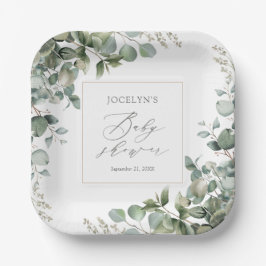 Elegant Greenery Eucalyptus Baby shower Papieren Bordje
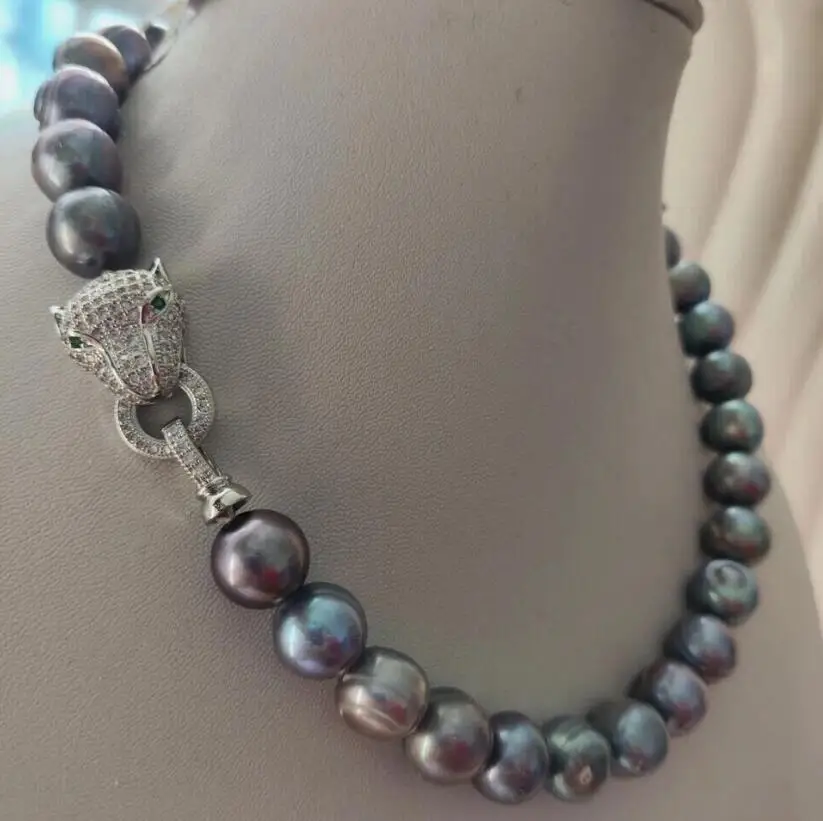 

18 inch Baroque 10-11mm Natural Tahitian black pearl necklace 925s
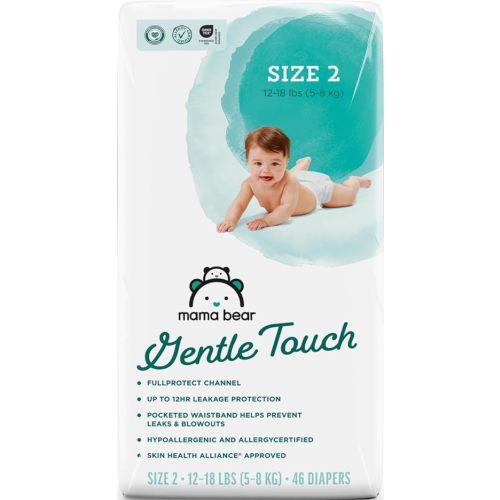 Amazon Brand - Mama Bear Gentle Touch Diapers, Size 2, 46 Count, Leak Protection, Wetness Indicator, Chlorine Free, Pocketed Waistband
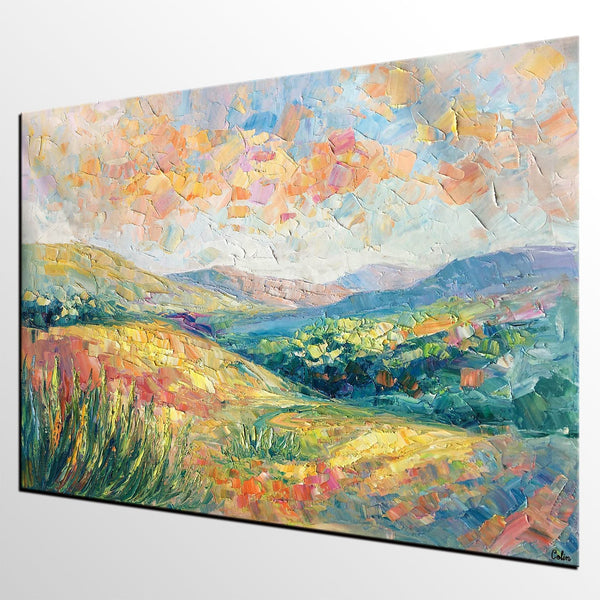 Mountain Landscape Painting, Custom Original Painting on Canvas, Large Oil Painting for Living Room, Heavy Texture Painting-Art Painting Canvas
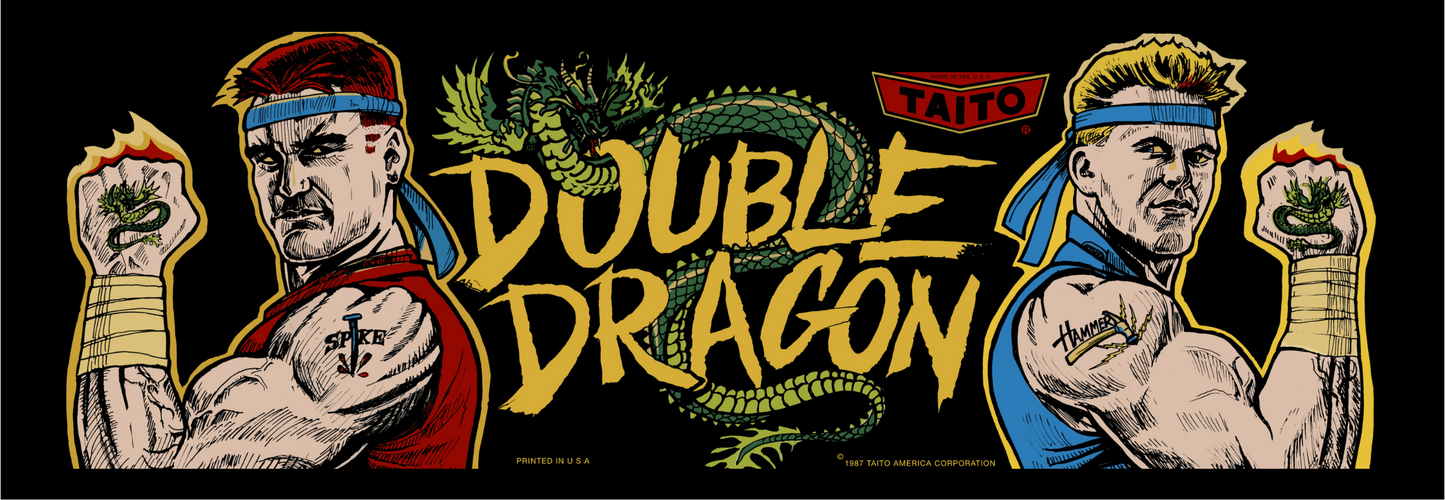 Reproduction arcade marquee for Double Dragon, printed on translucent film for backlit display.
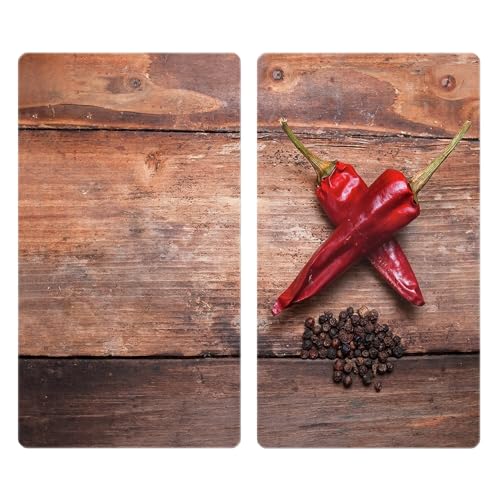 Allstar Herdabdeckplatte aus Glas, 2er Set, fĂĽr Glaskeramik- und Induktionskochfelder, Herdabdeckung, Glasschneidebrett & Spritzschutz fĂĽr die KĂĽchenwand mit Motiv, 30 x 52 cm, Mod. Pepper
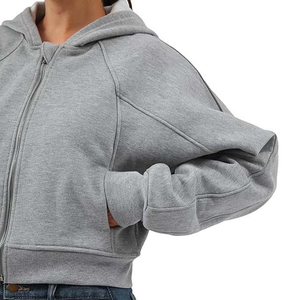 <b>Crop</b> Top Hoodie Solid Color Zipper <b>Up</b> Design Fleece Knit <b>Crop</b> Top Hoodie Daily Use Lightweight Plus Size Zipper Hoodies - Product Image 3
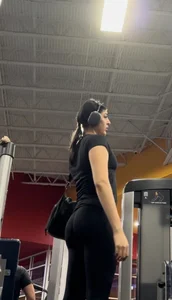 Black tight leggings with thong slightly showing (face pics included)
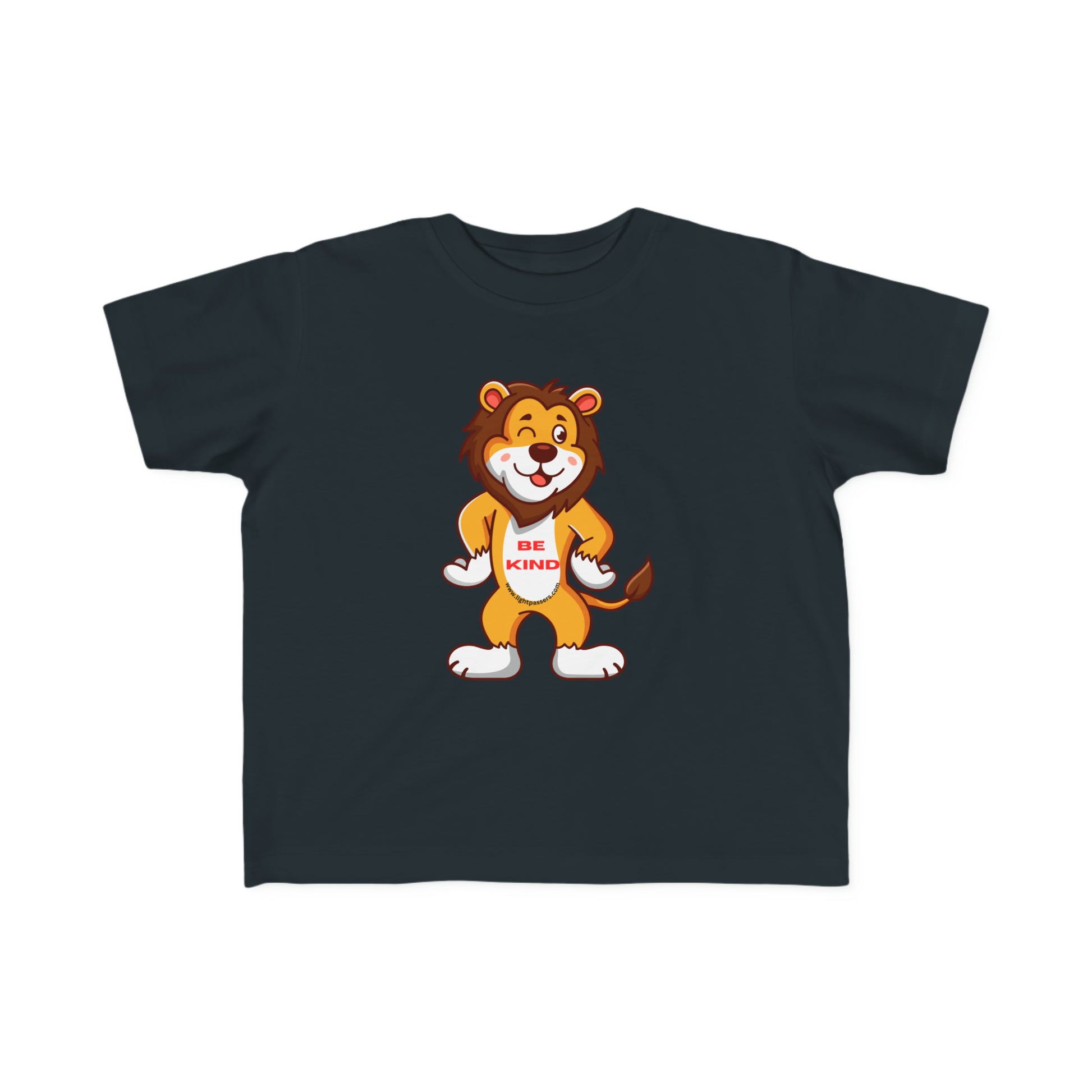 A toddler's tee featuring a cartoon lion design, soft 100% combed cotton, durable print, and tear-away label. Perfect for sensitive skin.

> _What is needed_
Each record above must be returned exactly as written, with its pictures omitted.

> _Completed exercise_
 Elegant Greenery Eucalyptus Baby shower Papieren Bordje

18 inch Baroque 10-11mm Natural Tahitian black pearl necklace 925s
 Amazon Brand - Mama Bear Gentle Touch Diapers, Size 2, 46 Count, Leak Protection, Wetness Indicator, Chlorine Free, Pocketed Waistband
 Mountain Landscape Painting, Custom Original Painting on Canvas, Large Oil Painting for Living Room, Heavy Texture Painting-Art Painting Canvas
 Reproduction arcade marquee for Double Dragon, printed on translucent film for backlit display.
 Allstar Herdabdeckplatte aus Glas, 2er Set, fĂĽr Glaskeramik- und Induktionskochfelder, Herdabdeckung, Glasschneidebrett & Spritzschutz fĂĽr die KĂĽchenwand mit Motiv, 30 x 52 cm, Mod. Pepper
 <b>Crop</b> Top Hoodie Solid Color Zipper <b>Up</b> Design Fleece Knit <b>Crop</b> Top Hoodie Daily Use Lightweight Plus Size Zipper Hoodies - Product Image 3
 Black tight leggings with thong slightly showing (face pics included)
 A toddler's tee featuring a cartoon lion design, soft 100% combed cotton, durable print, and tear-away label. Perfect for sensitive skin.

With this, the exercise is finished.